An immutable collection is a collection that never changes.
When I perform an operation on a mutable collection, then I change the collection in place, and all entities that have references to the collection will see the change.
When I perform an operation on an immutable collection, a reference is returned to a new collection reflecting the change. All entities that have references to previous versions of the collection will not see the change.
Clever implementations do not necessarily need to copy (clone) the entire collection in order to provide that immutability. The simplest example is the stack implemented as a singly linked list and the push/pop operations. You can reuse all of the nodes from the previous collection in the new collection, adding only a single node for the push, and cloning no nodes for the pop. The push_tail operation on a singly linked list, on the other hand, is not so simple or efficient.
Immutable vs. Mutable variables/references
Some functional languages take the concept of immutability to object references themselves, allowing only a single reference assignment.
In Erlang this is true for all "variables". I can only assign objects to a reference once. If I were to operate on a collection, I would not be able to reassign the new collection to the old reference (variable name).
Scala also builds this into the language with all references being declared with var or val, vals only being single assignment and promoting a functional style, but vars allowing a more C-like or Java-like program structure.
The var/val declaration is required, while many traditional languages use optional modifiers such as final in java and const in C.
Ease of Development vs. Performance
Almost always the reason to use an immutable object is to promote side effect free programming and simple reasoning about the code (especially in a highly concurrent/parallel environment). You don't have to worry about the underlying data being changed by another entity if the object is immutable.
The main drawback is performance. Here is a write-up on a simple test I did in Java comparing some immutable vs. mutable objects in a toy problem.
The performance issues are moot in many applications, but not all, which is why many large numerical packages, such as the Numpy Array class in Python, allow for In-Place updates of large arrays.

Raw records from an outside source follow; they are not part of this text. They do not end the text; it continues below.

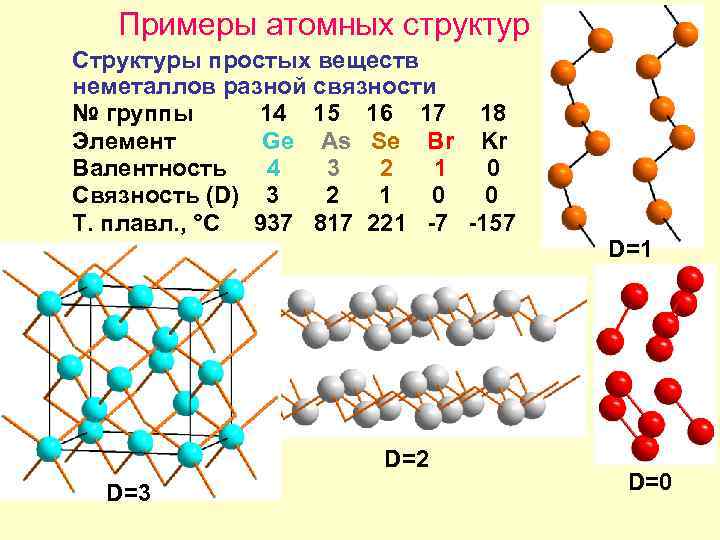   Примеры атомных структур Структуры простых веществ неметаллов разной связности № группы 14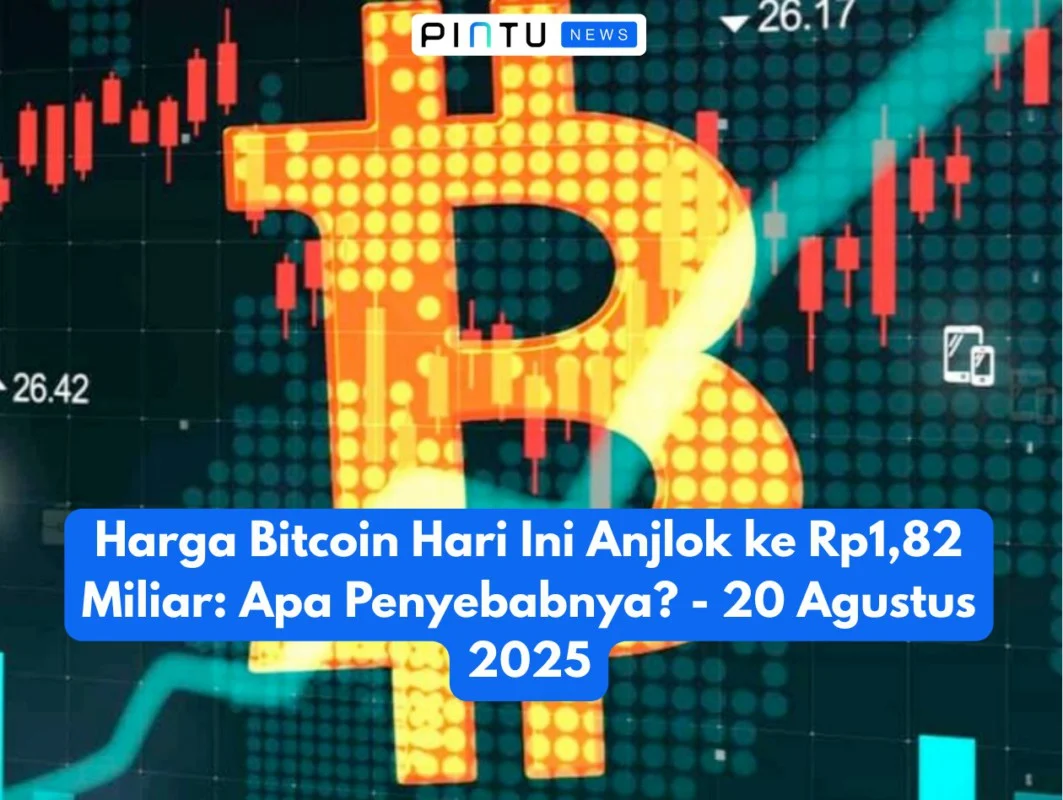 Harga Bitcoin Anjlok, Apa yang terjadi?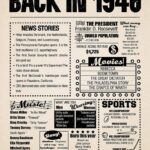 Year in History 1940 POSTER 24 X 18 Inches (Year You Were Born Gift) Very Nice!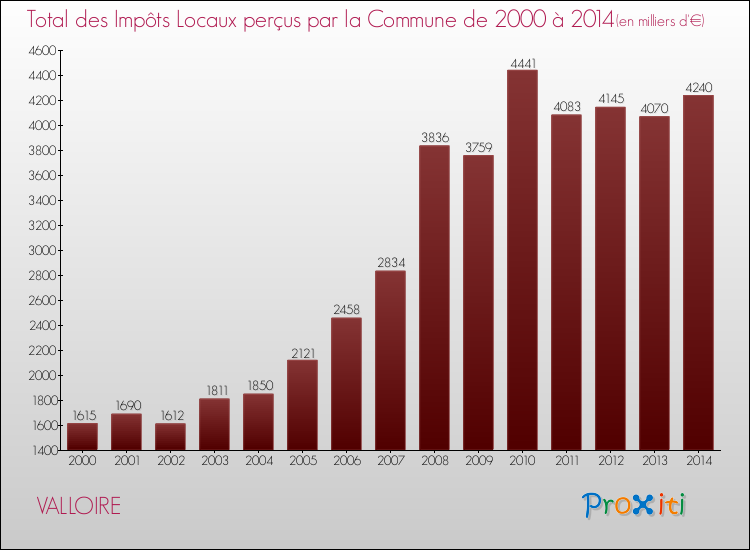 Evolution des Impôts Locaux pour la commune de VALLOIRE de 2000 à 2014 Evolution des Impôts Locaux pour VALLOIRE de 2000 à 2014
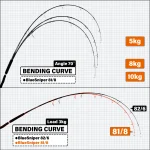 YAMAGA BLANKS BLUE SNIPER 81/8 BLACKY въдица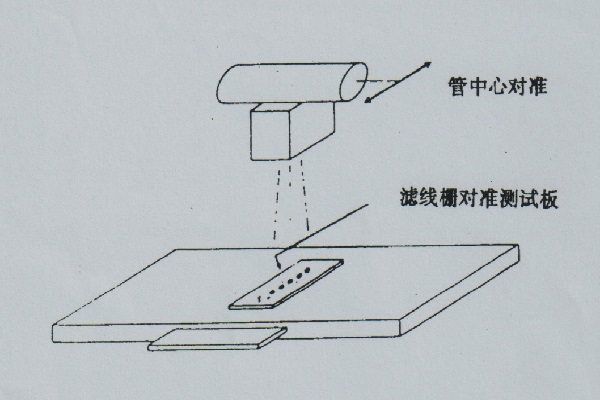 滤线栅对准测试板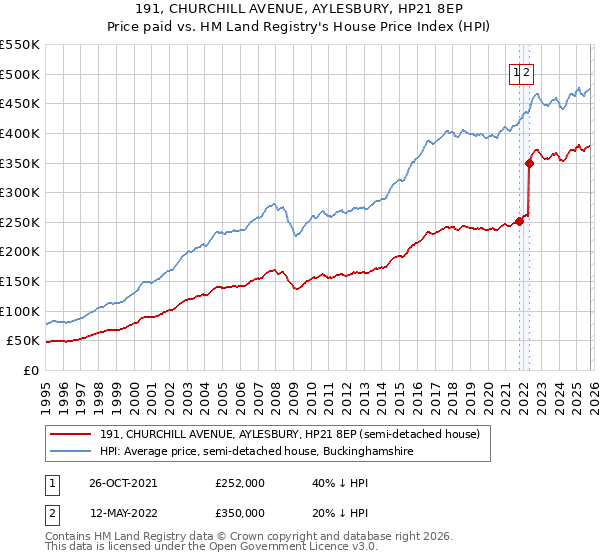 191, CHURCHILL AVENUE, AYLESBURY, HP21 8EP: Price paid vs HM Land Registry's House Price Index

This would be important for application areas that make use of large matrix and vector operations. This large data-parallel and computationally intensive problems achieve a great speed-up by operating in place.
Immutable objects are a very powerful concept. They take away a lot of the burden of trying to keep objects/variables consistent for all clients.
You can use them for low level, non-polymorphic objects - like a CPoint class - that are used mostly with value semantics.
Or you can use them for high level, polymorphic interfaces - like an IFunction representing a mathematical function - that is used exclusively with object semantics.
Greatest advantage: immutability + object semantics + smart pointers make object ownership a non-issue, all clients of the object have their own private copy by default. Implicitly this also means deterministic behavior in the presence of concurrency.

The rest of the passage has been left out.